What we know: Gerus, 37, is the director of the Association of Consumers of Energy and Utilities, a non-governmental organization that defends the rights of utilities consumers, and a frequent commentator on energy issues. In 2014-2015, he was a member of the National Energy and Utilities Regulation Commission. Before that, he worked in the Concorde Capital investment firm and the Galnaftogaz gas station chain. The homepage of Gerus’ organization features a meter of the “corruption rents from Rotterdam+,” a scheme that set coal prices artificially high and, its critics allege, gave unjustified profits to power companies.

Serhiy Babak an expert in education and science.

What we know: Babak, 40, is an economist and an expert on education and innovation with over 20 years of experience in the academic world. Currently, he works as the director of educational programs at the Ukrainian Institute of the Future. According to his official biography, Babak spent five years as vice-rector of a private university, led a research center in the Ukrainian Academy of Sciences for seven years, and has served as a member of the National Agency for Ensuring the Quality of Education.

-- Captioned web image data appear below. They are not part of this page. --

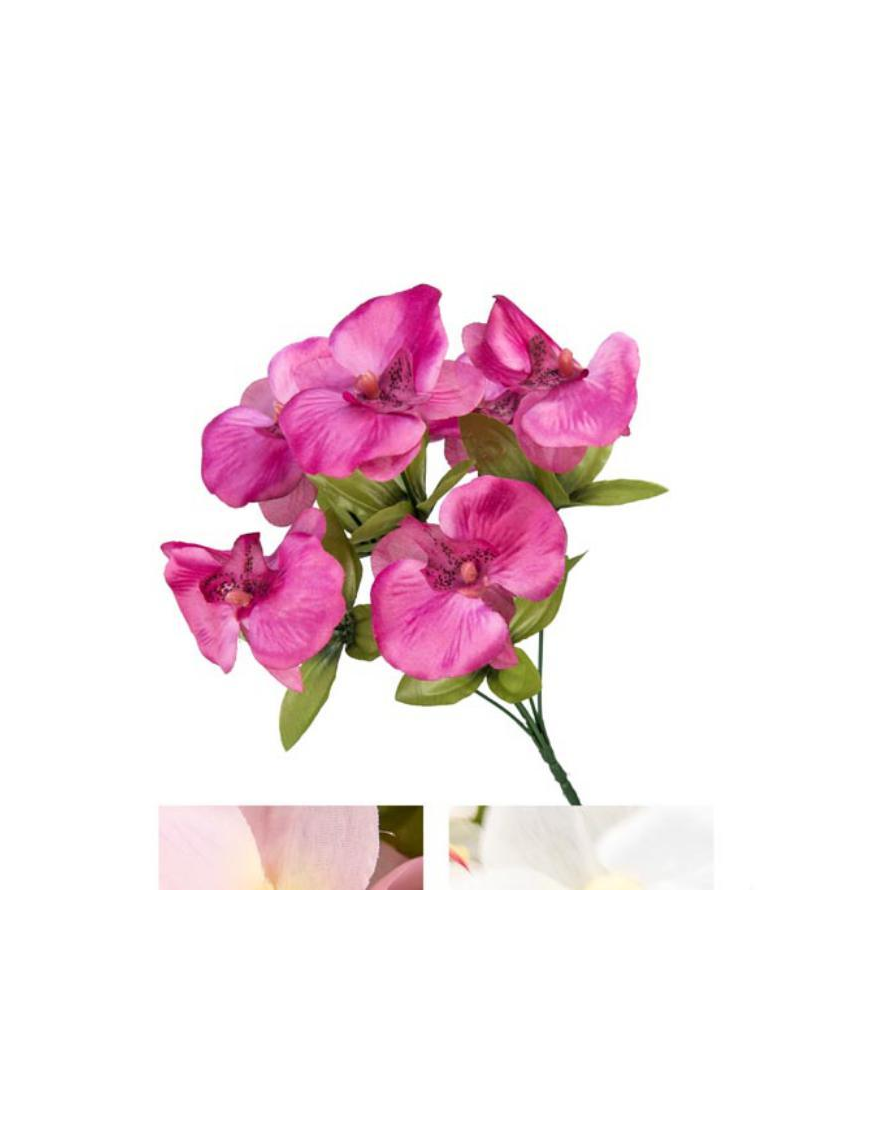 MAZZO ORCHIDEE EASY 25cm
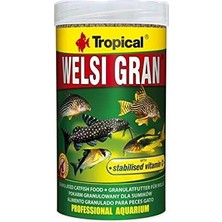 Starseven Tropical Welsi Gran 100GR Kovadan Bölme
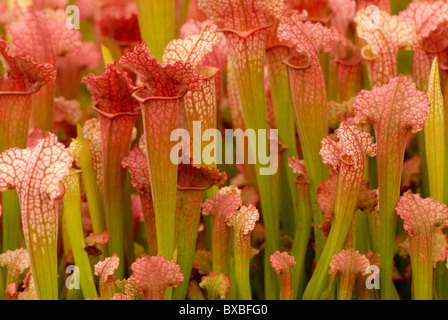 Brocca a campana fiori - genere Sarracenia - Huntsman tazze Foto Stock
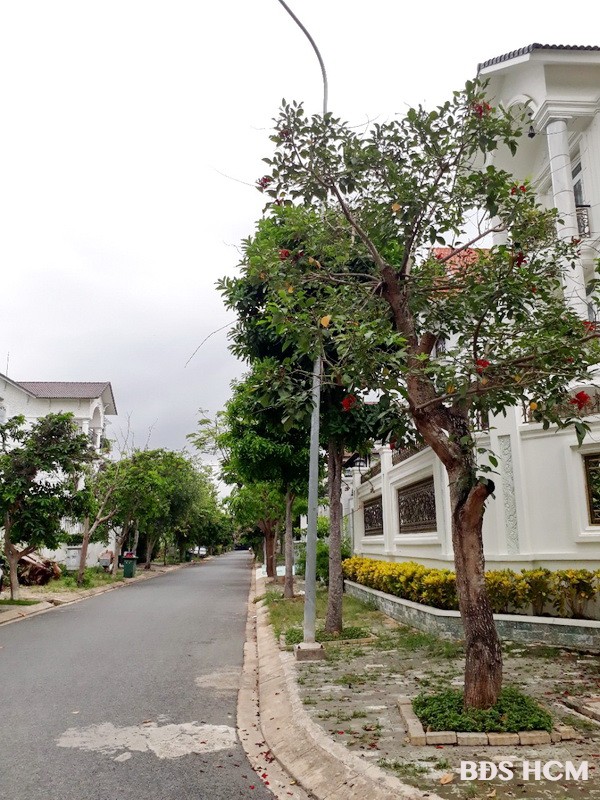 Bán lô đất mặt tiền đường số 3 Phường Phú Thuận Quận 7.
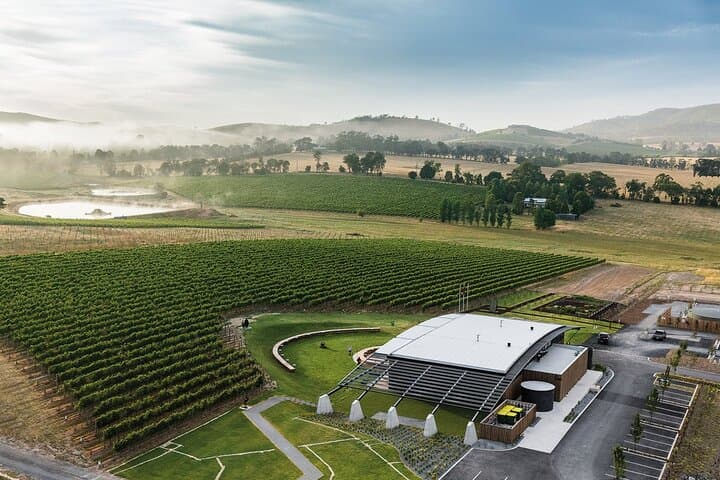 Helicopter Winery Lunch to Levantine Hill — Yarra Valley Scenic Flight & Degustation photo 3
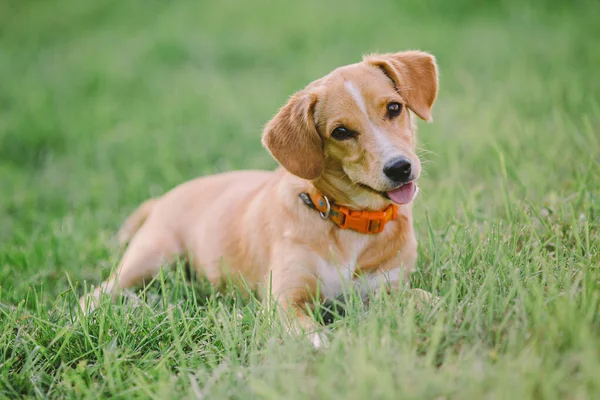 Şirin köpek parkta eğleniyor.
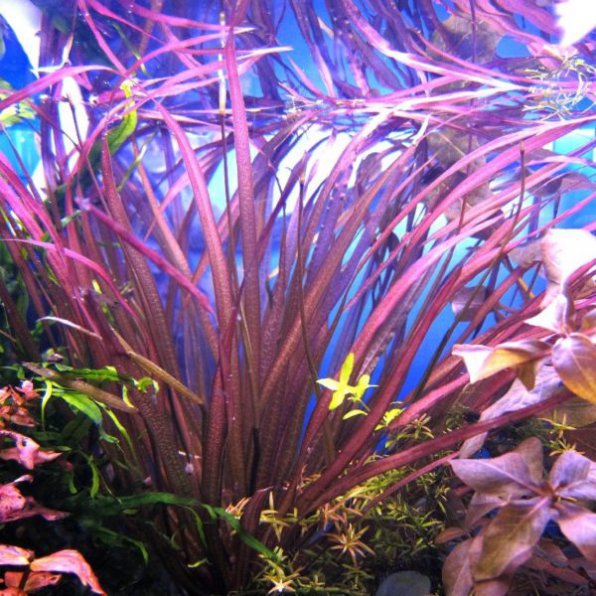 Бликса новогвинейская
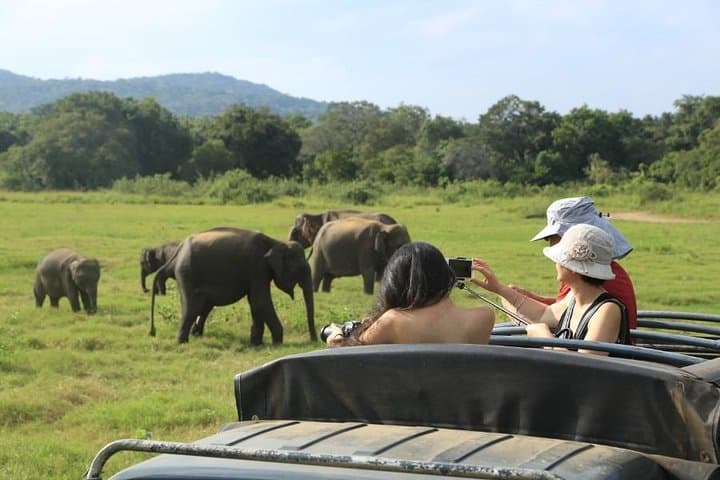 3-day-glimpse-of-sri-lanka-kandy-sigiriya-dambulla-minneriya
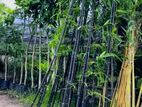 Black Bamboo Plants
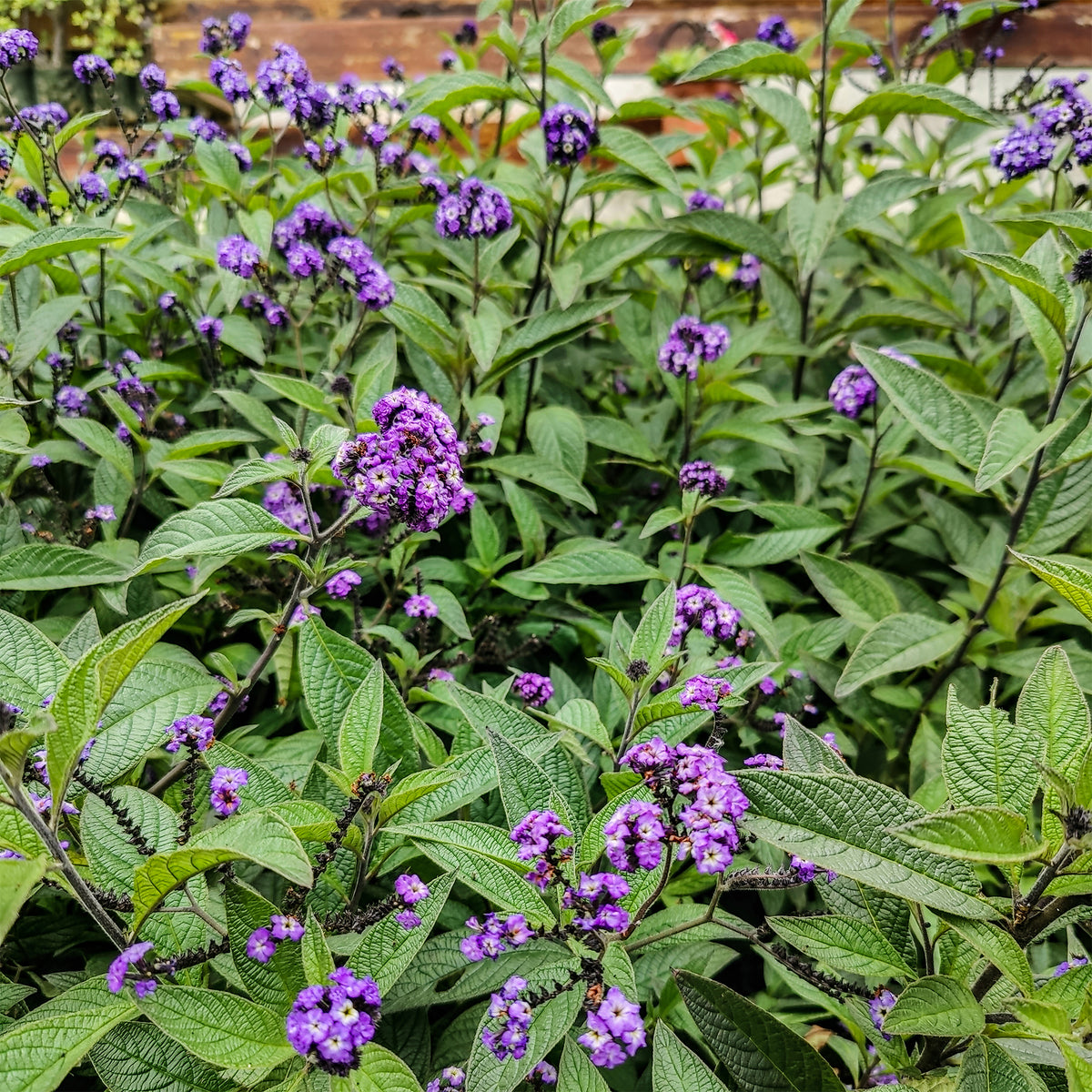 Vanilleblume (x3) - Willemse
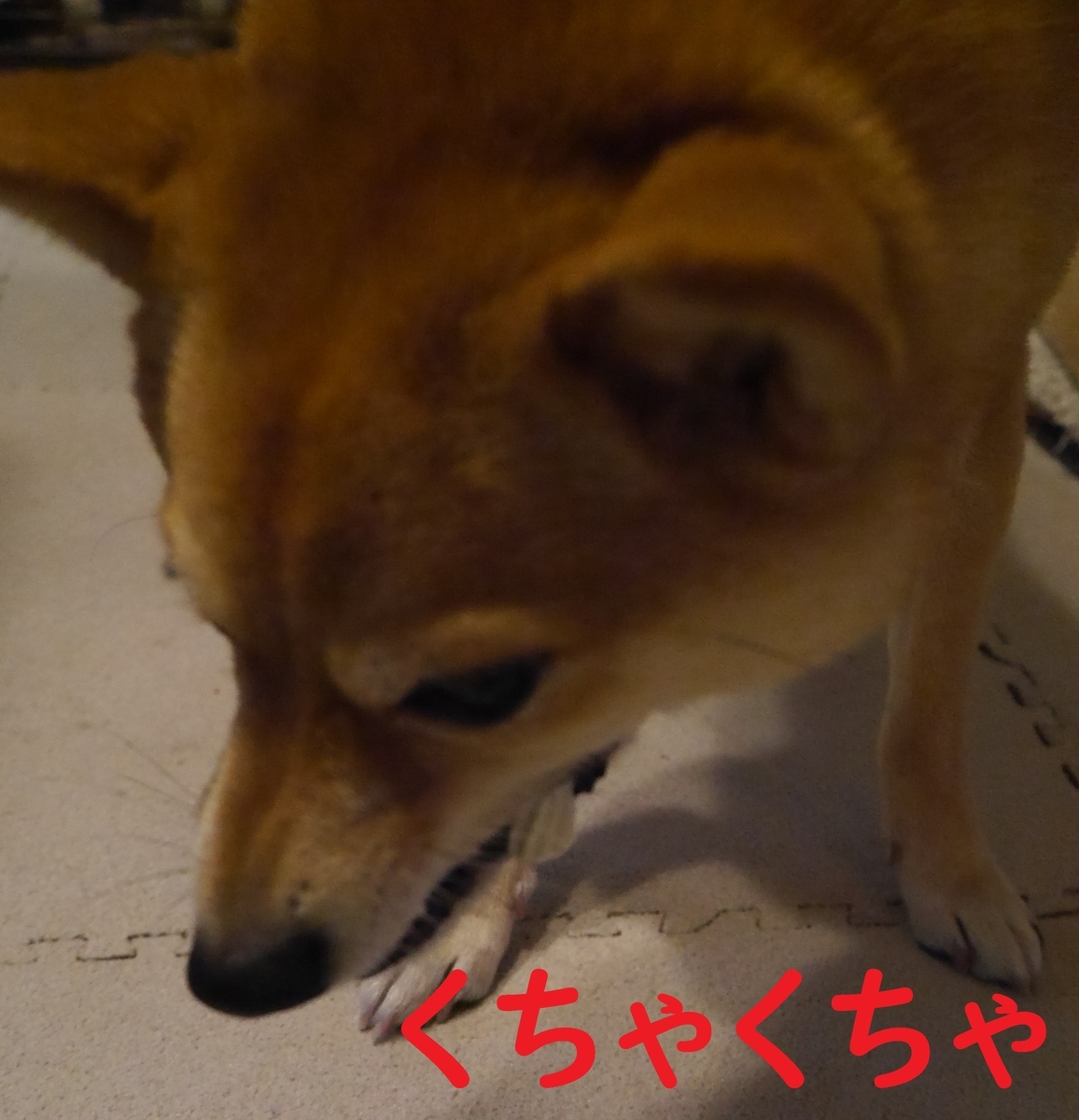 f:id:hanatara:20201215072603j:plain
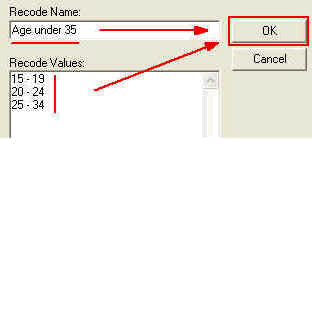 Image shows the Recode Name and Recoded values before clicking on 'OK'.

Yevhen Komarovskiy was presented as Zelenskiy’s adviser on medicine.

What we know: Komarovsky, 58, is a pediatrician and the author of the popular health manual “A Child’s Health and the Parents’ Common Sense,” as well as many other books on pediatric and medical subjects. He is also the host of the television show “Doctor Komarovsky’s School” on the Inter television channel. In his speech during “Pravo na Vladu,” Komarovsky admitted that healthcare is not a central component of the president’s responsibilities unless medical issues threaten national security.

Komarovsky said he sees two health issues that threaten Ukraine’s national security: the current measles outbreak and the growing deficit of medical cadres in Ukraine.

“A hundred thousand residents of our country have gotten sick with measles,” Komarovsky said. Thirty-seven years ago when he was a medical student, “they couldn’t show me a single person with measles,” he added.

This story is being updated.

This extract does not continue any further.